• Try it
Apart from the pictures, every line below is to be set down exactly.

• Provided data
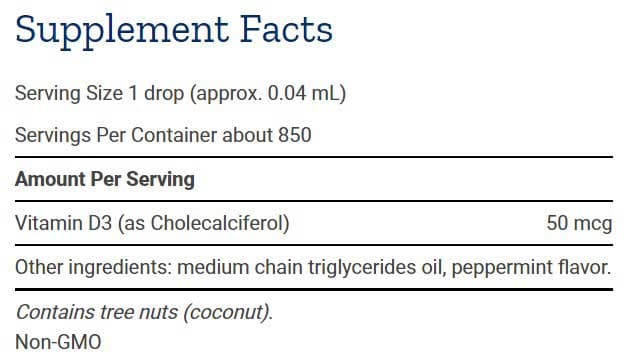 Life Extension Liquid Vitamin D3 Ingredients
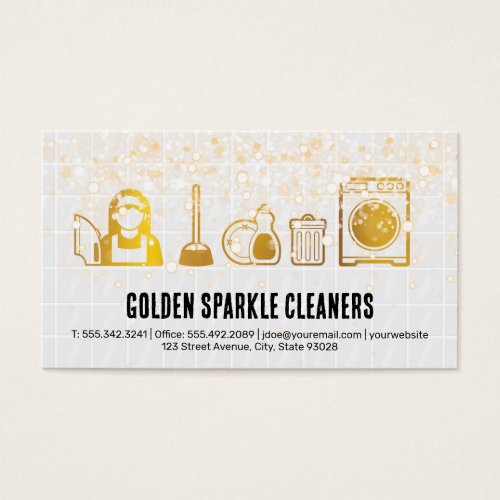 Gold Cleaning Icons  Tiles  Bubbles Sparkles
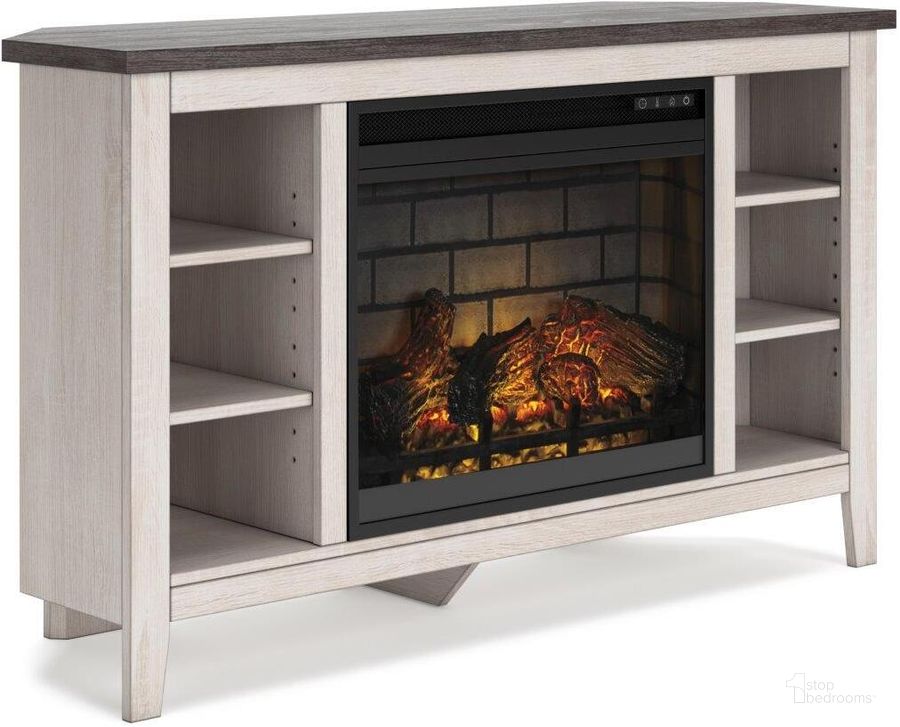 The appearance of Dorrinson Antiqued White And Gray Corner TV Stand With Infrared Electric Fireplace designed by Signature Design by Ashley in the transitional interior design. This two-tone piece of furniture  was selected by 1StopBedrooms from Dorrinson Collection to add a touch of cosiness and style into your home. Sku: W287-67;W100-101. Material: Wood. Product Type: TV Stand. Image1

• The answer
 Life Extension Liquid Vitamin D3 Ingredients
 Gold Cleaning Icons  Tiles  Bubbles Sparkles
 The appearance of Dorrinson Antiqued White And Gray Corner TV Stand With Infrared Electric Fireplace designed by Signature Design by Ashley in the transitional interior design. This two-tone piece of furniture  was selected by 1StopBedrooms from Dorrinson Collection to add a touch of cosiness and style into your home. Sku: W287-67;W100-101. Material: Wood. Product Type: TV Stand. Image1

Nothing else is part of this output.